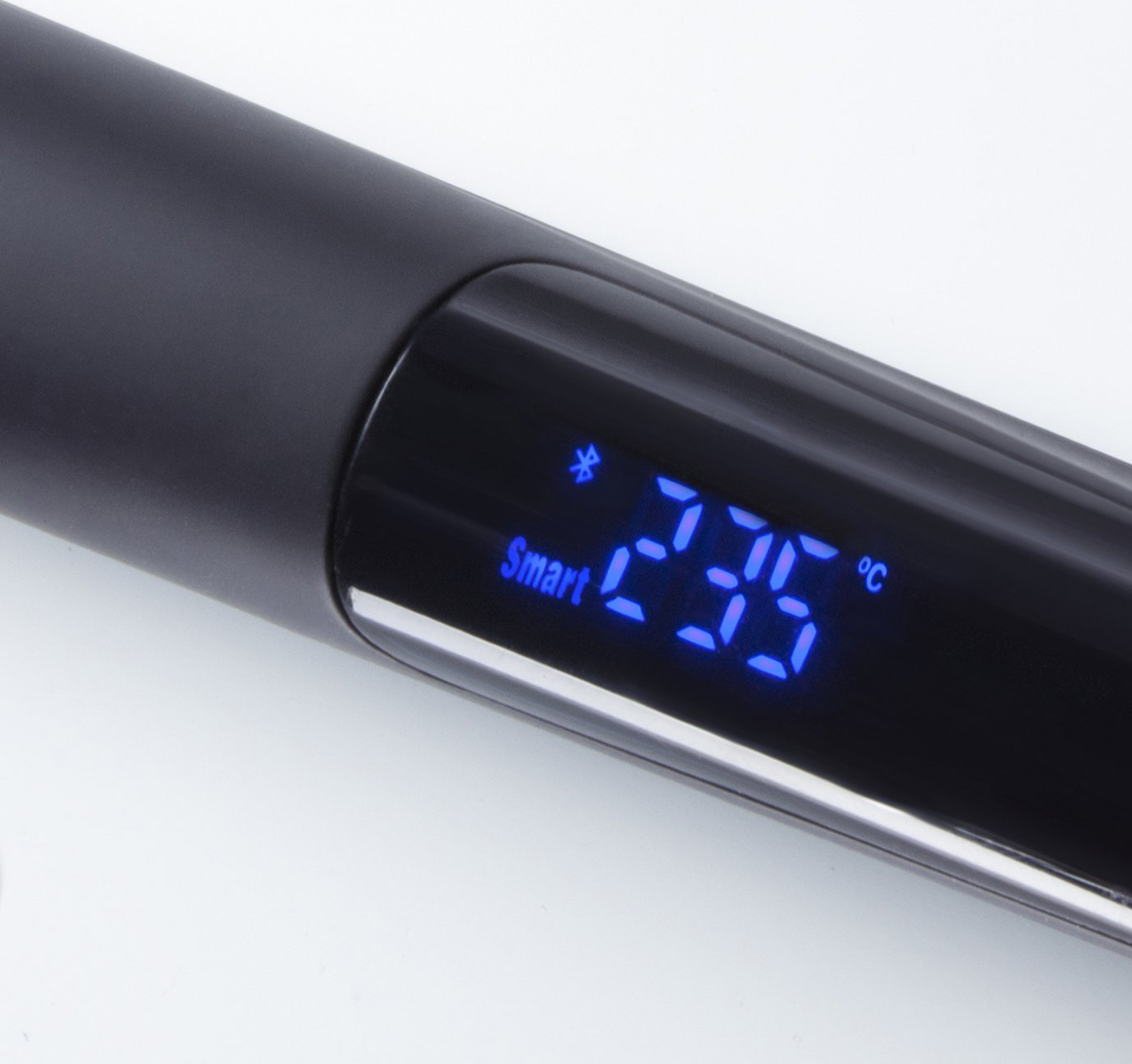 Schwarzer Haarglätter mit Digitalanzeige, die 235°C und Smart anzeigt. Weißer Hintergrund.
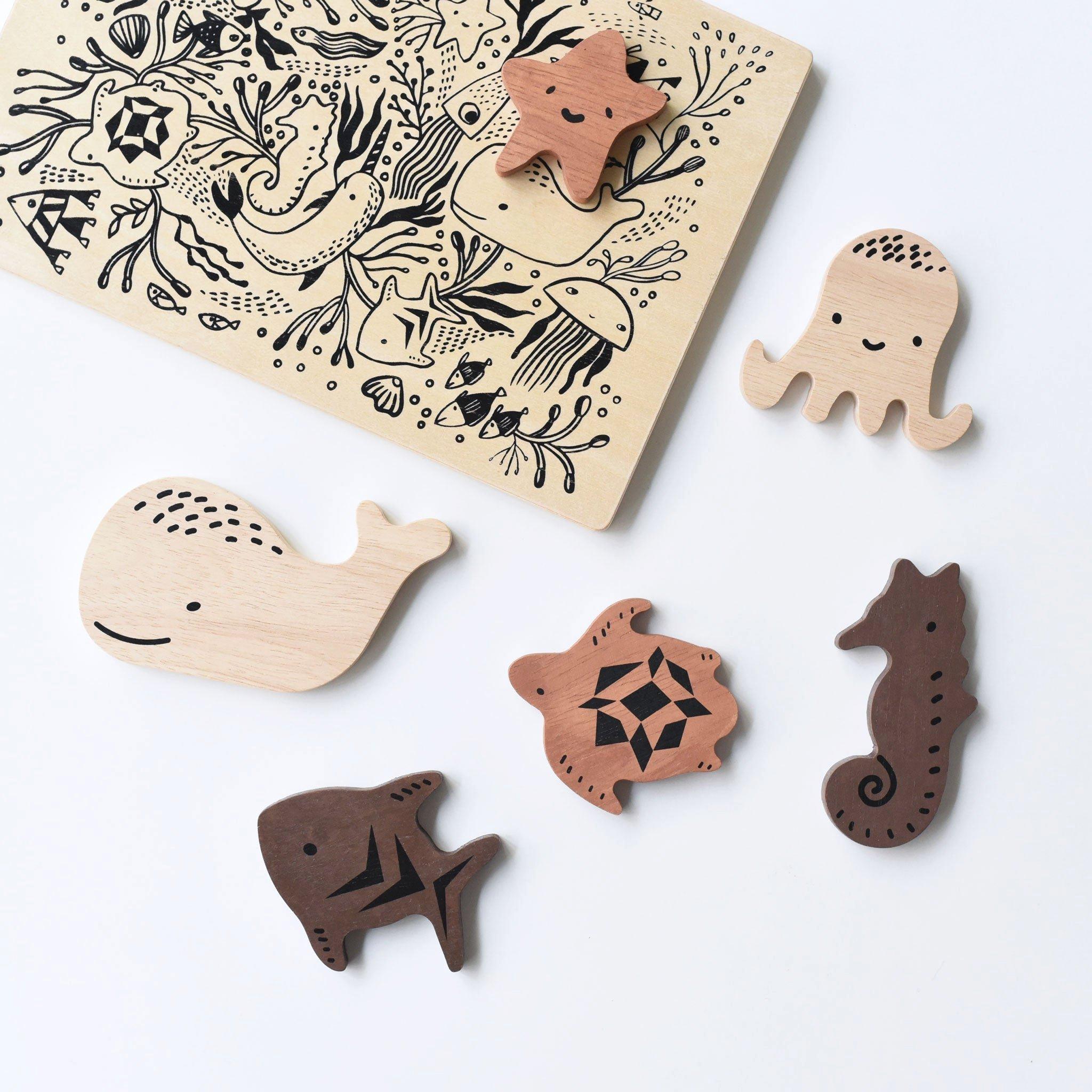 Wooden Tray Puzzle - Ocean Animals image number 2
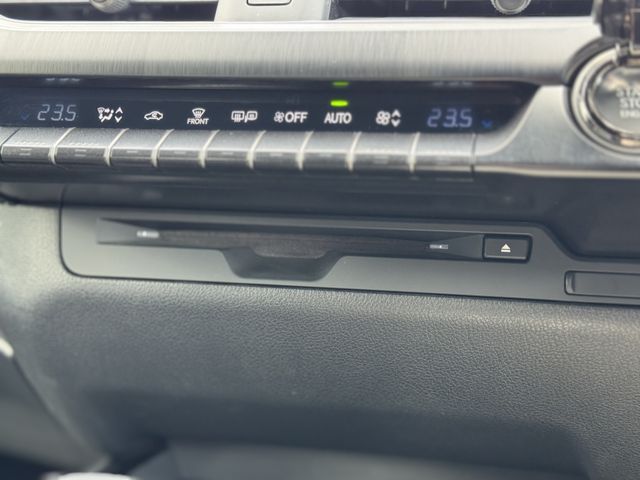 TOYOTA LEXUS UX200 2020 Image 31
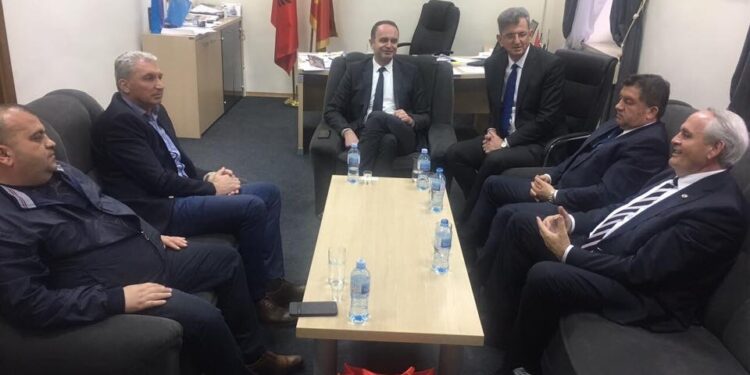Kryebashkiaku i Lezhës, Fran Frrokaj dhe Ambasadori i Kosovës në Maqedoni, Gjergj Dedaj, vizituan Komunën e Tuzit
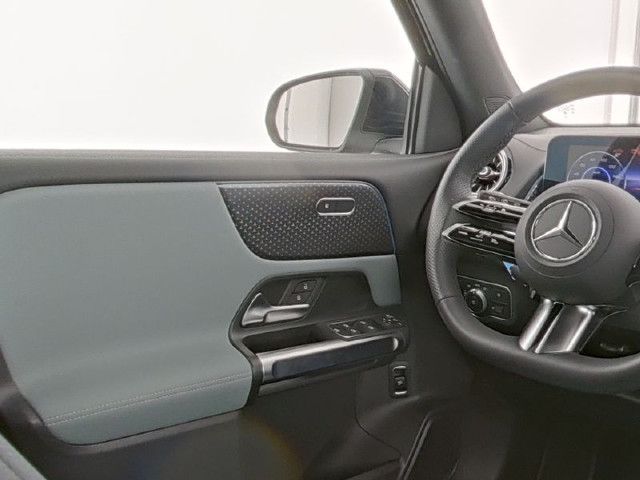 Mercedes-Benz EQB 250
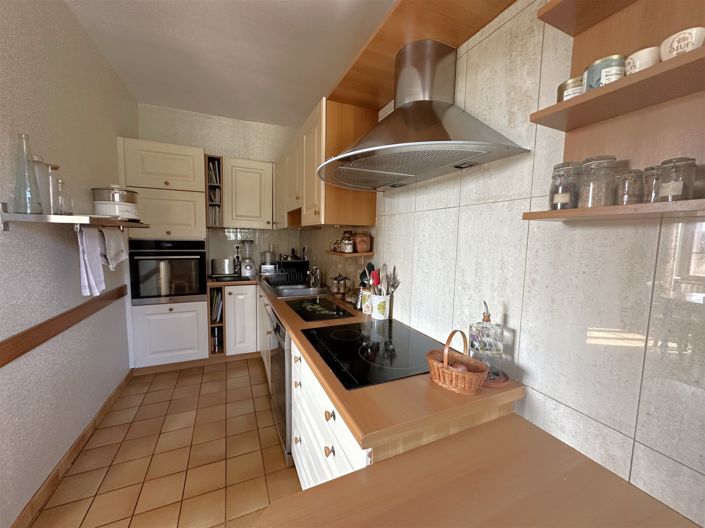 Image No.19-5 Bed House for sale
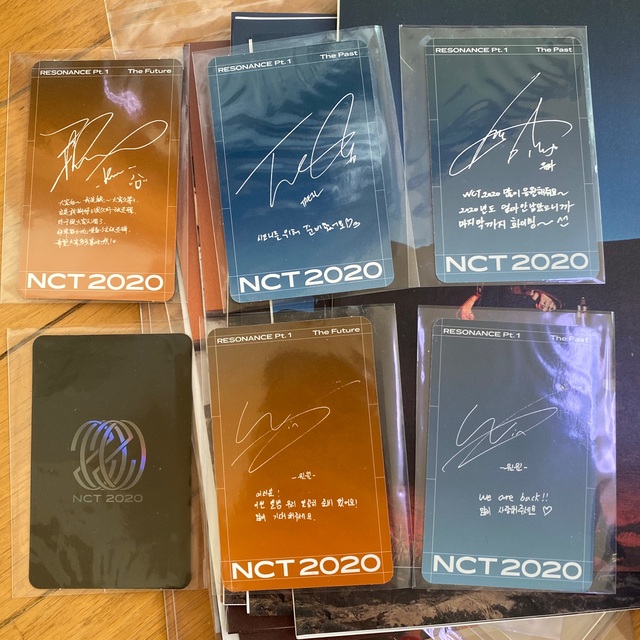 値下げ NCT2020 ポストカード ポスター トレカ複数枚とおまけ エンタメ/ホビーのCD(K-POP/アジア)の商品写真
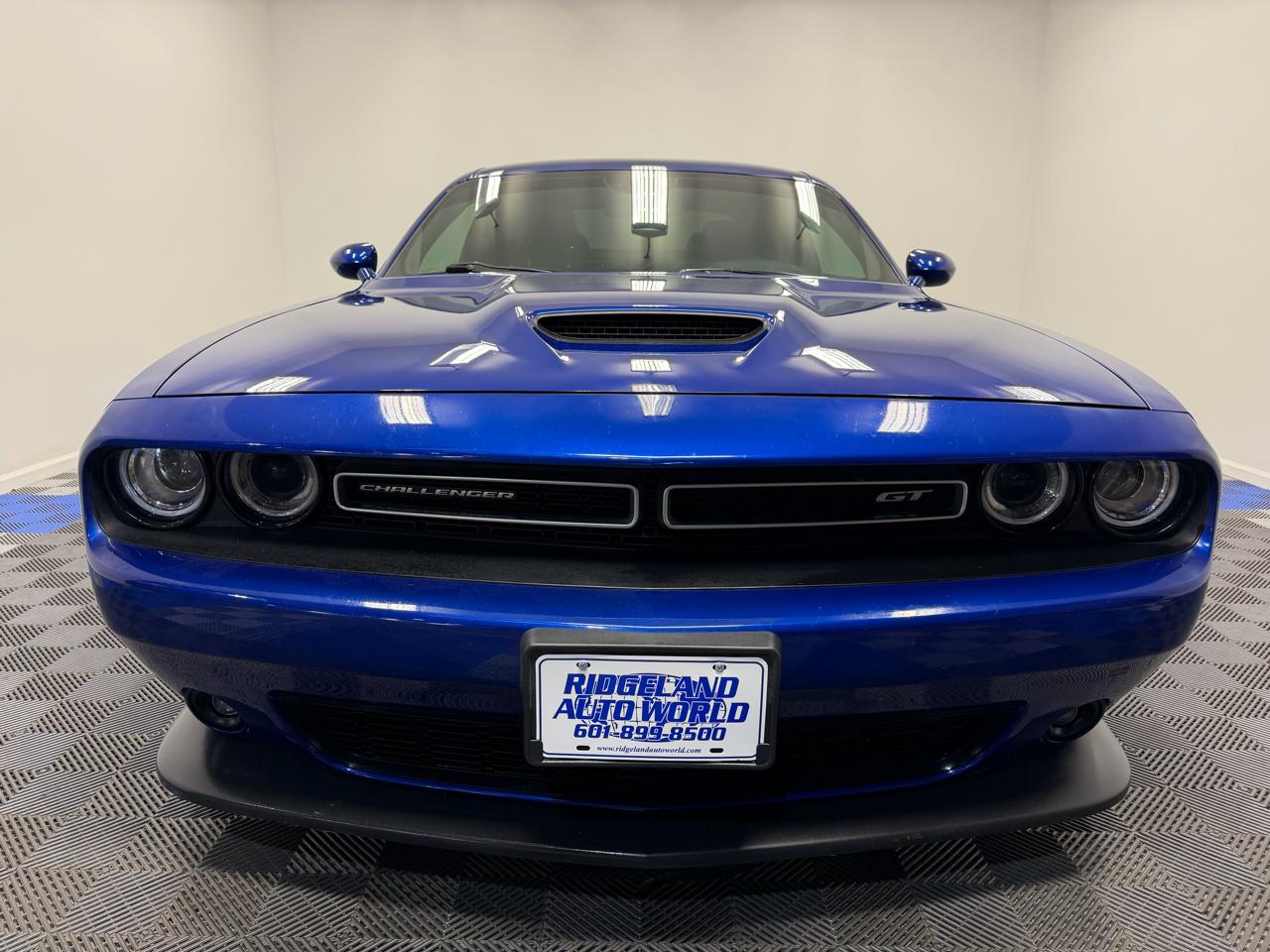 Dodge Challenger GT RWD 2021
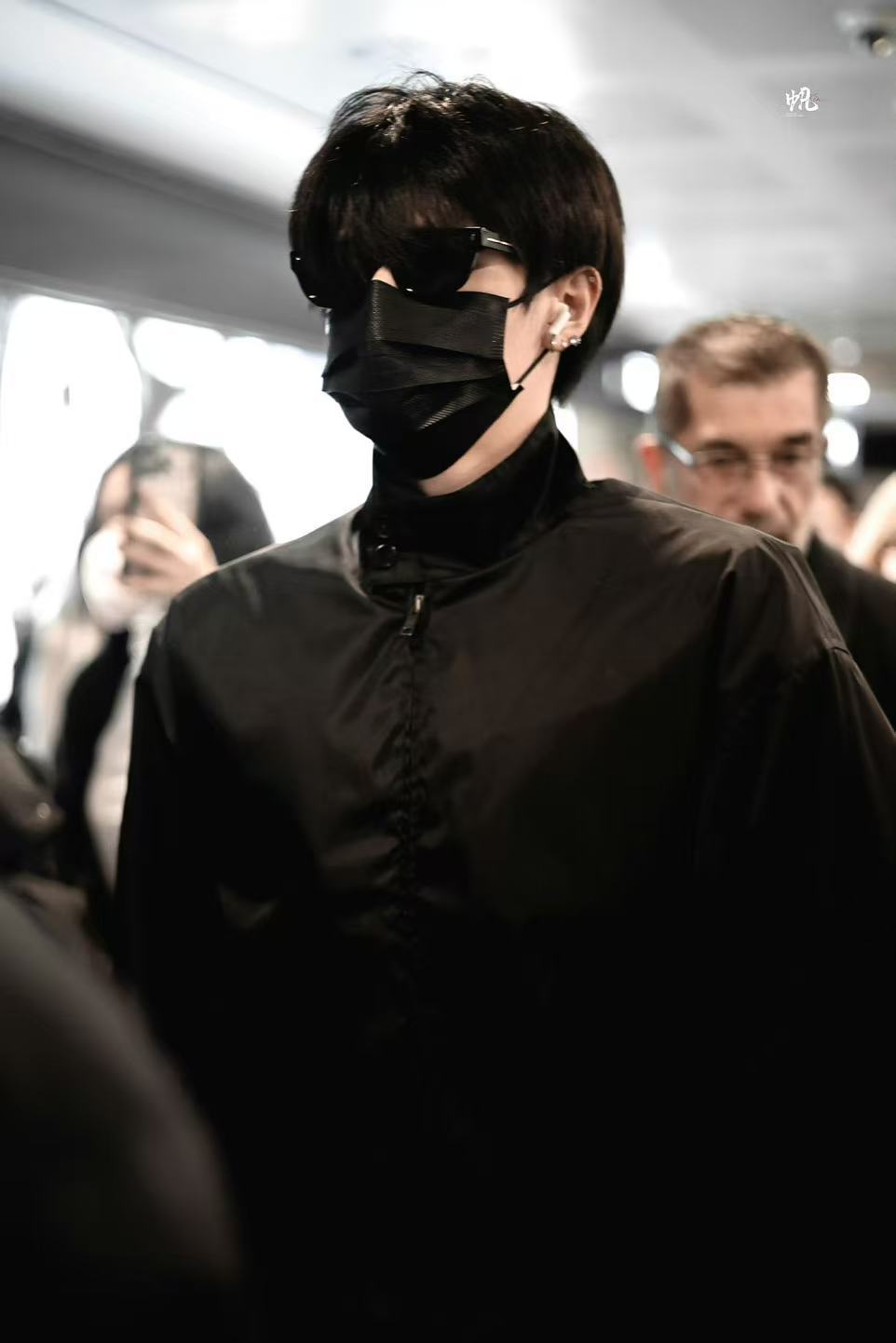 TOP米兰到达路透TOP落地米兰 TOP米兰到达路透，燥候！ 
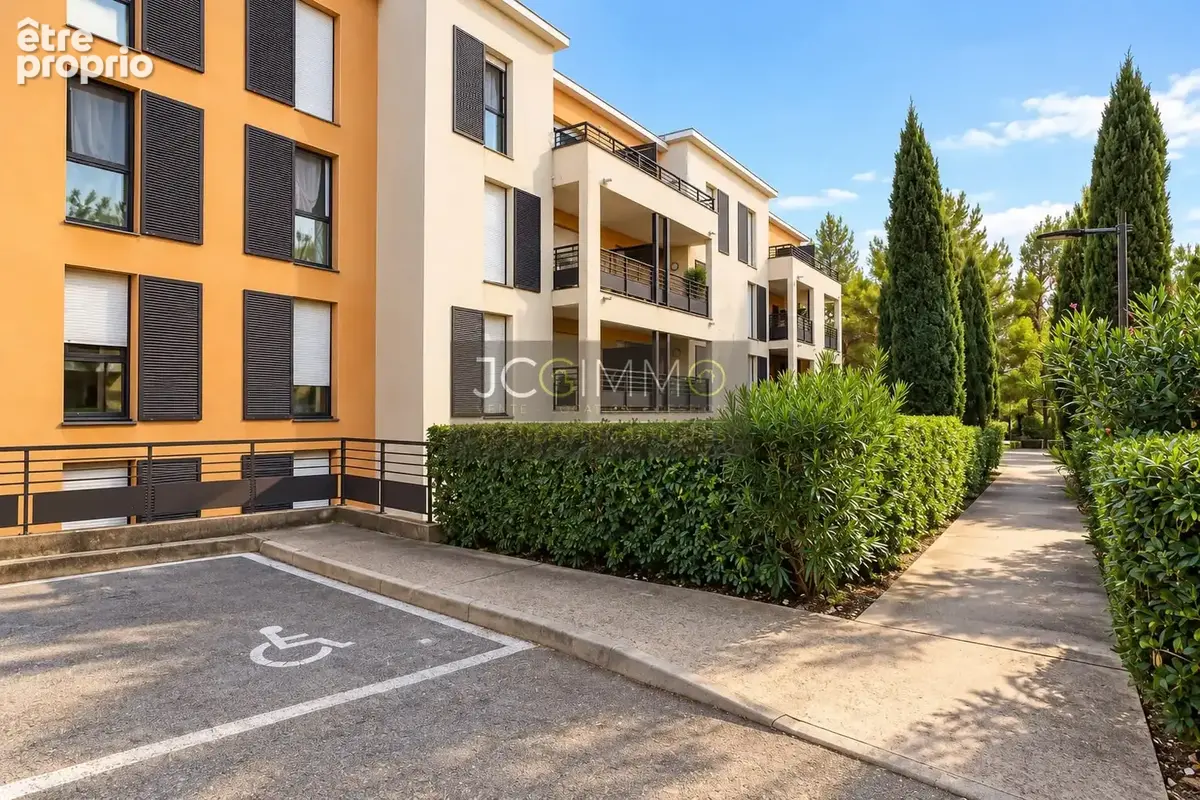 Appartement à BRIGNOLES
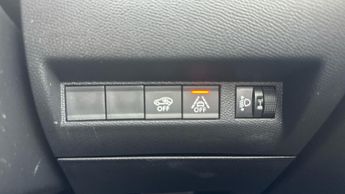 Peugeot 208 50kWh Allure Hatchback 5dr Electric Auto (136 ps)
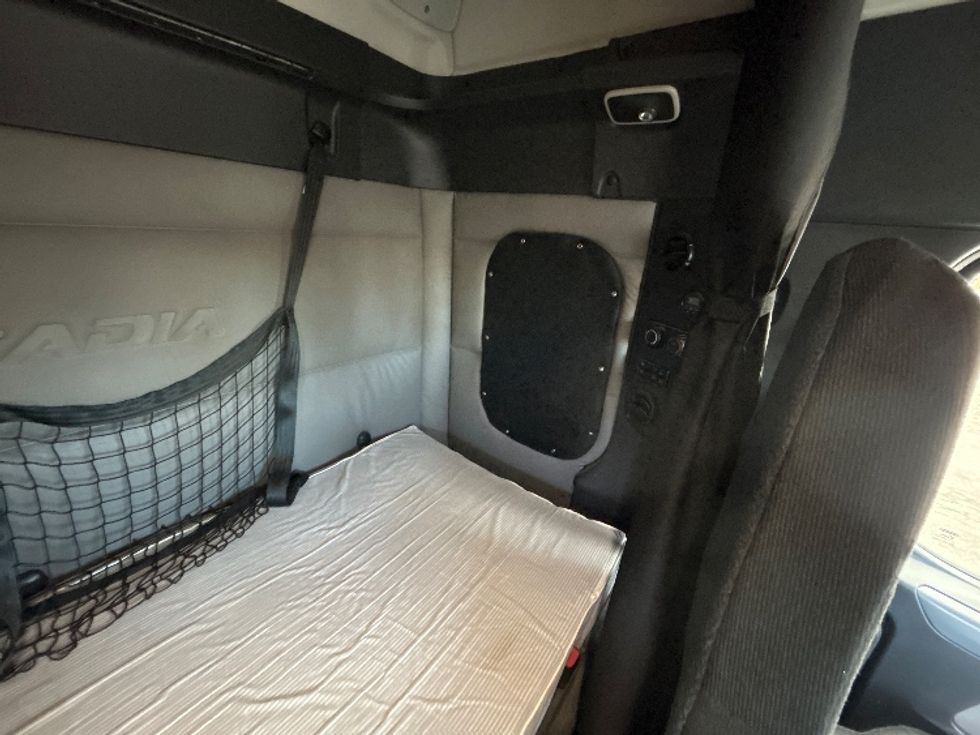 Sleeper Tractor-Heavy Duty Tractors-Freightliner-2019-T12664ST-Sturtevant-WI-479,686\n\t\tmiles-$ 48,000 - Image 18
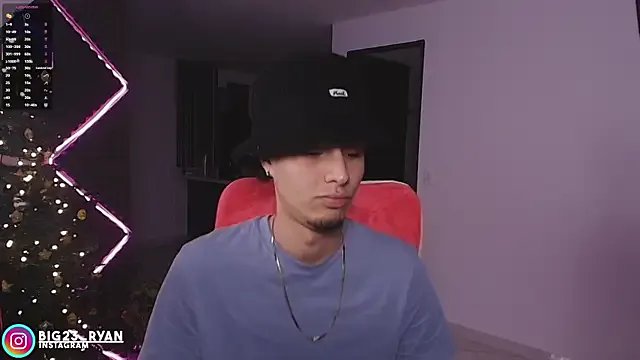 bigryann23 from StripChat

### EXERCISE AIM
Lines from the one that contains "Dodge Challenger GT RWD 2021" to the final line of the material are the whole answer. Reproduce them word for word and skip the pictures.

### ANSWER SPACE
 Dodge Challenger GT RWD 2021
 TOP米兰到达路透TOP落地米兰 TOP米兰到达路透，燥候！ 
 Appartement à BRIGNOLES
 Peugeot 208 50kWh Allure Hatchback 5dr Electric Auto (136 ps)
 Sleeper Tractor-Heavy Duty Tractors-Freightliner-2019-T12664ST-Sturtevant-WI-479,686\n\t\tmiles-$ 48,000 - Image 18
 bigryann23 from StripChat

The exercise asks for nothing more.